As per a McKinsey report, gender-diverse companies are 15 percent more likely to outperform their peers financially than those dominated by one gender. Every 10 percent increase in gender diversity, led to a 3.5 percent increase in EBIT. (Source: McKinsey)
Even in India, companies with more women on the board have demonstrated better returns on equity than the industry average (11.4 percent versus 10.3 percent according to this report). Not just that, companies headed by women grew at a compounded annual growth rate of 35 percent in a 5 year period ending 2009, compared with 21 percent registered by the BSE-30. (Source: The Economic Times)
Why Gender Diversity is Important
Diversity of Thought
Men and women tend to think differently. They have different viewpoints, ideas and they approach problems differently. This diversity of thought enables better problem solving, leading to superior decision making which, consequently, leads to better performance.
Better Stakeholder Representation
Having a gender-diverse workforce and board ensures that the company truly represents all its stakeholders – shareholders, employees, and customers. This in turn can help the company get a more complete picture of its customer base, the market situation and more.

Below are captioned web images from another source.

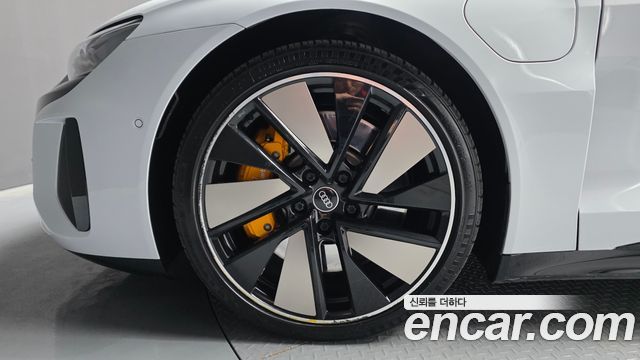 Audi e-tron GT из Кореи Encar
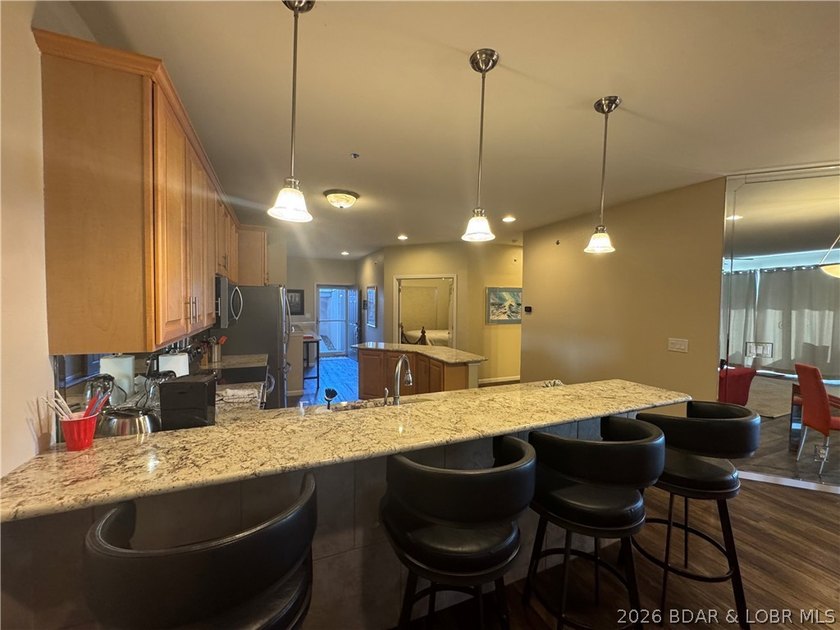 Luxury lakefront condo in the highly sought-after Lands End - photo 4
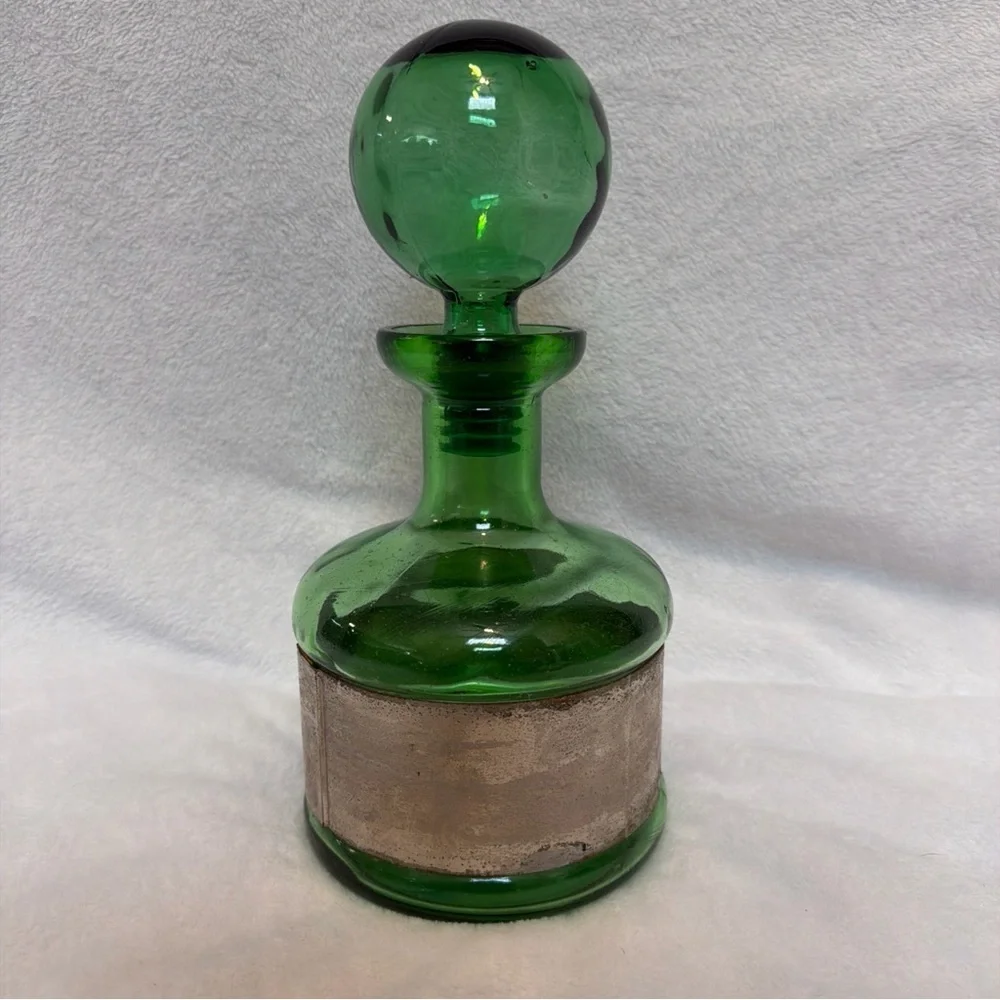Emerald Green glass decanter & ball stopper 12” - Vintage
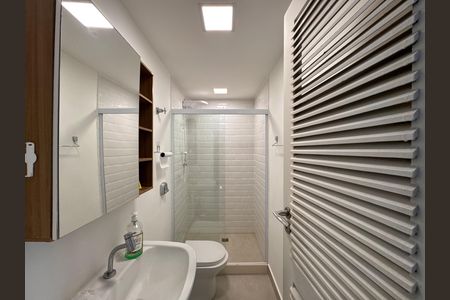 Casa de condomínio para alugar com 350m², 3 quartos e 4 vagas Casa de condomínio para alugar com 350m², 3 quartos e 4 vagasÁrea de Serviço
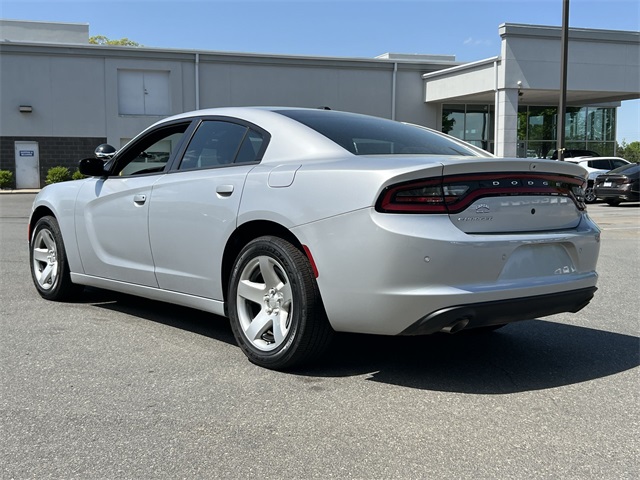 Vehicle image 14 of 41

The pace of change in today's global economy is rapidly increasing. Having diversity of thought at all levels, and especially in senior leadership positions, can help organisations effectively deal with the swiftly changing economic realities that this entails.
The gender situation in India
While the benefits of having women in the workforce are many, a sad truth of our times is that even today, women form less than 1/3rd of the total workforce in India - this despite women candidates often proving to be more employable.
Women also continue to remain underrepresented at top positions, accounting for an average of just 16 percent and 12 percent of the members of the executive teams of corporations in the United States and the United Kingdom, respectively. (Source: McKinsey) In 2015, women occupied only 15 percent of business leadership positions in India (and only 7 percent of board seats), making it the third lowest nation in having women in leadership roles (Source: The Hindu Business Line)
The Business Process Outsourcing industry in India fares slightly better, with women comprising 30.3% of the BPO workforce. At MattsenKumar, we currently fare better than the industry and national averages – women account of 33 percent, or 1/3rd, of our higher management team
How to improve gender situation
We at MattsenKumar are already taking corrective action to make the situation better. Few of the measures being taken by us in recent past are as follows
- Flexible work opportunities – Allowing mothers to work from home or to make use of flexible hours can make it easier for them to balance their work and family life.
- Crèche facilities in or near office – Finding suitable day care facilities prevent mothers from resuming work. Having a day-care facility in or near the office can help take one major problem off your employee’s plate.
- Fixing possible intake bias – Using mixed-gender panels can help remove any possible intake bias. It is often believed that ‘men hire men.’ A panel comprising members from both sexes will help ensure that this unconscious bias is removed and all candidates get a fair chance when they apply for a job at your company.
- Gender sensitization in workplace design – Most office complexes are designed by men and for men. However, while you cannot change the layout of the office, you can take certain steps to ensure that your women employees feel more comfortable at work. Even a small step such as stocking sanitary napkins in the ladies washroom can have a major positive impact on your employees’ comfort levels.
- Women-centric CSR initiatives – Funding initiatives to promote the education and care of the girl child; initiating campaigns to promote the inclusion of women in the workplace – these are but two of many possible ways you can utilise your CSR spend for gender-positive initiatives. While results may be slow in coming, such initiatives will help fight social stigmas
To conclude, organisations all over the world are still struggling to ensure gender parity in their workforce, especially at the senior management levels. However, there are signs that firms are aware of this gender gap and are acting to bridge it. With the numerous reports on the outperformance of more gender-diverse companies over the less diverse ones, the benefits of having greater representation of women should soon be clear to all.
One hopes that this realisation will lead organisations across India and the globe to take more active measures to address this issue. In the meanwhile, companies like MattsenKumar will keep doing all they can to give women greater representation in the Indian and BPO work force.